In order to ensure any masking effects are not due to f0 differences, the f0 of all utterances was also adjusted to a neutral value of 200 Hz using the overlap-add feature of Praat [48]. This value was chosen because it falls equidistant between the high f0 and low f0 values chosen for Experiment 1, it is relatively close to the average f0 for the three female speakers’ natural productions (210 Hz), and it was perceived as a natural f0 value for female speech by three phoneticians.
Target files were once again individually manipulated for f0 and speaking rate in the same way as the masker babble files. Each stimulus sentence was created with a fast speaking rate of 6 syllables per second and a slow speaking rate of 3 syllables per second. All stimuli were also manipulated to a neutral f0 value of 200 Hz. Since target speaking rate was a between-subjects variable, all stimulus sentences were created with both a fast and slow speaking rate value so that half of the participants would hear the 100 target stimuli with a fast speaking rate value, and the other half would hear the 100 target stimuli with a slow speaking rate value, thus resulting in 200 target sentence stimuli overall.
All combinations of target and masker speaking rate were created so that there were 50 stimuli with a fast speaking rate target and fast speaking rate masker, 50 stimuli with a fast speaking rate target and slow speaking rate masker, 50 stimuli with a slow speaking rate target and a slow speaking rate masker, and 50 stimuli with a slow speaking rate target and a fast speaking rate masker.
Of the 200 stimuli (160 with an SNR of +1 dB and 40 with an SNR of +15 dB), each participant would hear 100, so that each participant only heard the target as always fast speaking rate or always slow speaking rate within both fast and slow two-talker masker babble. The first 20 stimuli that each participant heard were those with an SNR of +15 dB, and the subsequent 80 stimuli were those with an SNR of +1 dB. The order of presentation of stimuli within the familiarization phase and the experimental phase was randomized across participants.

3.3. Procedure

The procedures for Experiment 2 replicated those for Experiment 1.

3.4. Results

Figure 2 shows mean accuracy on sentence transcription task when target speaking rate was fast (top) and slow (bottom) in comparison to masker speaking rate A logistic mixed-effects regression model was run on keyword accuracy scores for the sentence transcription task using the same approach as in Experiment 1. The fixed effects included Speaking Rate Match (match vs. mismatch; reference = match) and Target Speaking Rate (fast or slow; reference = fast) and their interaction, and random intercepts and by-subject and by-item slopes for both fixed effects Target Speaking Rate and Speaking Rate Match as well as their interaction. Speaking Rate Match trials included trials where the target and masker speech both had a fast speaking rate or both had a slow speaking rate, and mismatch trials included trials where the target and masker speech mismatched in speaking rate (one fast and one slow speaking rate). It was hypothesized that when the target and masker match in speaking rate (either both fast or both slow), keyword accuracy will be the lowest. When the target and masker mismatch in speaking rate, it was predicted that accuracy will be highest. Table 2 contains the best fitting model results after stepwise backward likelihood-ratio testing (α = 0.05).
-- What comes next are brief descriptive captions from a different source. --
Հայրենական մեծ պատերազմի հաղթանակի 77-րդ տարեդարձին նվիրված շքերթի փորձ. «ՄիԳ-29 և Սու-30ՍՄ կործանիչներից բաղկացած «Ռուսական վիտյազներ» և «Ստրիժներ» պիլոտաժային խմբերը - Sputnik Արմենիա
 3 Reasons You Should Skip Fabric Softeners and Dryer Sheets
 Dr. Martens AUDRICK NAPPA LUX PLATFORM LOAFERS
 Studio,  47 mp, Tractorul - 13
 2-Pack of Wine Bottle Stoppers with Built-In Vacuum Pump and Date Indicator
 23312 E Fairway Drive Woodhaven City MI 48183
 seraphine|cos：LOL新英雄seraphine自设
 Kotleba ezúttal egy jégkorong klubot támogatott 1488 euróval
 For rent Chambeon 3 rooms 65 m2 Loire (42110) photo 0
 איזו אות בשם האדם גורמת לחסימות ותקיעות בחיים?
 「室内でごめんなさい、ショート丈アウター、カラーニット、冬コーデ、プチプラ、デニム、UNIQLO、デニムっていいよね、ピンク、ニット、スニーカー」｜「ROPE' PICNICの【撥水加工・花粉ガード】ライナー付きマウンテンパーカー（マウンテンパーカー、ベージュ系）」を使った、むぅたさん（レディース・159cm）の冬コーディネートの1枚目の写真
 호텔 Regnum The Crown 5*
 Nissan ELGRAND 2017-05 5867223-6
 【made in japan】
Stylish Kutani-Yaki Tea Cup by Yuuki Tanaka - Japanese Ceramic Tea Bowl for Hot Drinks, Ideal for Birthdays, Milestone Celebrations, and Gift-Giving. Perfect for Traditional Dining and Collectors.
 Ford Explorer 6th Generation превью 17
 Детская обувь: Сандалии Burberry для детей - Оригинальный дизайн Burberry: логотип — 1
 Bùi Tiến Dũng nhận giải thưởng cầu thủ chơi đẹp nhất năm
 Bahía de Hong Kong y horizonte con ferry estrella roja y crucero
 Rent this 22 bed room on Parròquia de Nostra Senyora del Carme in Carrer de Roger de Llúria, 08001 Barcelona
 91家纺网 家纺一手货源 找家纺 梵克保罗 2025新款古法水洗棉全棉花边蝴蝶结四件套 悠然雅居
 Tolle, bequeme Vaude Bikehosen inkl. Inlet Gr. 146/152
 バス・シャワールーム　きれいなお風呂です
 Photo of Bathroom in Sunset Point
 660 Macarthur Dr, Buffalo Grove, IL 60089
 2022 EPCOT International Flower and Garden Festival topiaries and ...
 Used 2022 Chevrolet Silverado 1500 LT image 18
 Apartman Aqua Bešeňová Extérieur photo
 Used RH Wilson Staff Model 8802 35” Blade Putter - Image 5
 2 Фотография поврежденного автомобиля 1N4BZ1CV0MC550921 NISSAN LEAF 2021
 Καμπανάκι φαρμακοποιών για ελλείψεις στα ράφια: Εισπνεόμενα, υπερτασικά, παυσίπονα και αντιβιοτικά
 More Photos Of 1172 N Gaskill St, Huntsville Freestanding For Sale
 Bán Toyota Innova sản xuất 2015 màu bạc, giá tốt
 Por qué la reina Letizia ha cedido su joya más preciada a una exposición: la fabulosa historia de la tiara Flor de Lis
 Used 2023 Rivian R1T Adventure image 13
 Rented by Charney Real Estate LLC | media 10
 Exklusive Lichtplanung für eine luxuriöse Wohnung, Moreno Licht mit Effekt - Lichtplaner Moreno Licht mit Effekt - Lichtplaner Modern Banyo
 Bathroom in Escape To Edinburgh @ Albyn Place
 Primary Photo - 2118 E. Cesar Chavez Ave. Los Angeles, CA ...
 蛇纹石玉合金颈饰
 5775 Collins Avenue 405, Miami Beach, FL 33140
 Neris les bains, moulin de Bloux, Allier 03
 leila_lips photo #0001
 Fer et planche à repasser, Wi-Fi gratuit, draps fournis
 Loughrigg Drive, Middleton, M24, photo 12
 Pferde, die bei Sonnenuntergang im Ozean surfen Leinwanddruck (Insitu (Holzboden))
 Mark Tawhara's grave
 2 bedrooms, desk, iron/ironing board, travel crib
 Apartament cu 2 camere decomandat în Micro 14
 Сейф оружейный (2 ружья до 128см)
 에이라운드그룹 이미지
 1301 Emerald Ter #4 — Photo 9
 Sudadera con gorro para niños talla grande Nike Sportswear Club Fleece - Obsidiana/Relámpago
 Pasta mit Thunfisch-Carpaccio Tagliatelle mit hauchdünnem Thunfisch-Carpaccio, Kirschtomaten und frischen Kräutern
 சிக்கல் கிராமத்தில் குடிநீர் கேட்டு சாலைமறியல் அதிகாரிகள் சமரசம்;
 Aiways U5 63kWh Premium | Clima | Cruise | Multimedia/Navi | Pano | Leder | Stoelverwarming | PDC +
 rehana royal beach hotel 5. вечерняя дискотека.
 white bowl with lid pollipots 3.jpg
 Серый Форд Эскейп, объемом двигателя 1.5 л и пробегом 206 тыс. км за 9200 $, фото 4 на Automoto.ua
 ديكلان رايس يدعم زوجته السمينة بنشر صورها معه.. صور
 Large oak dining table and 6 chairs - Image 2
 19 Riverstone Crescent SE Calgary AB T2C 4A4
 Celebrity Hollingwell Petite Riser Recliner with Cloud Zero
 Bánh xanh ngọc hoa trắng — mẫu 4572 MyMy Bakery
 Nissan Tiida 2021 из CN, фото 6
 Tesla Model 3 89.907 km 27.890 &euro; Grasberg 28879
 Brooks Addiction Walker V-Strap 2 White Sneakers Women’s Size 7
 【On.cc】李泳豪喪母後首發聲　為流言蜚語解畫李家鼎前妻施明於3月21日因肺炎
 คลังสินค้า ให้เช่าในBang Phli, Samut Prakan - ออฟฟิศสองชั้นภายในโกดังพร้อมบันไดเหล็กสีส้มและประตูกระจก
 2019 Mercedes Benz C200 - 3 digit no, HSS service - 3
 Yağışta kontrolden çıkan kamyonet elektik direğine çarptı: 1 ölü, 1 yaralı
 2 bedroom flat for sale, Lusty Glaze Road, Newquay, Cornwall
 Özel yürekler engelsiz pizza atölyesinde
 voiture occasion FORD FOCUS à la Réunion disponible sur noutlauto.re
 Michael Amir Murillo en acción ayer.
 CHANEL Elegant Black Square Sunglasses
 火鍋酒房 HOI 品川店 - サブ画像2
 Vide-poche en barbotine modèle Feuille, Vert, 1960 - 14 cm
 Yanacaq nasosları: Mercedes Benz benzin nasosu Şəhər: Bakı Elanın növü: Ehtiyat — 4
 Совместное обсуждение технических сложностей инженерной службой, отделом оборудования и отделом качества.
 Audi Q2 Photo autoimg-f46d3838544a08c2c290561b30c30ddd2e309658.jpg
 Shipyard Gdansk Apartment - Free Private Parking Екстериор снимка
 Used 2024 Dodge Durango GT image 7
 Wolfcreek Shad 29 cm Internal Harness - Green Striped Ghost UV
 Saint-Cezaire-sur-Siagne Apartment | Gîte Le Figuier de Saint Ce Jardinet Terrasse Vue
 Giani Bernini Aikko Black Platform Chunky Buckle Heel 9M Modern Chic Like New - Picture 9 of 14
The by-subject random slope for Target Speaking Rate resulted in a singular fit due to a perfect correlation with the intercept, so only random intercepts were retained in the final model, which produced stable and interpretable results without overfitting.
The significant positive simple effect of Speaking Rate Match indicates that accuracy for Speaking Rate Mismatch conditions (63%) was significantly higher than for Speaking Rate Match conditions (57%). Analysis of each participant’s mean Accuracy for Match and Mismatch conditions indicated that 85% of participants had higher accuracy scores for speaking rate mismatch compared to match conditions. The lack of interaction between Speaking Rate Match and Target Speaking Rate indicates this pattern held true when target speech was slow and when it was fast.
The significant positive simple effect of Target Speaking Rate indicates that accuracy was significantly higher for slow target speech conditions (67%) compared to fast speaking rate conditions (53%).

Discussion

The results of Experiment 2 support the present hypothesis that mismatch conditions in speaking rate yield an advantage over match conditions in competing speech perception. When target and masker shared speaking rate, regardless of whether it was fast or slow, accuracy in target speech perception within competing speech was lower than when target and masker mismatched in speaking rate. This pattern was found for almost every participant, indicating its robustness. Additionally, the results indicated that fast target trials were harder than slow target trials.
These results mirror those of the f0 data, in that a greater similarity between target and masker in speaking rate leads to more difficult speech segregation. This new finding is in line with the target-masker linguistic similarity hypothesis [38] that claims that the more similar masker speech is to target speech, the more effective masking will be. This holds for a cue, speaking rate, that does not necessarily denote a difference in speaker.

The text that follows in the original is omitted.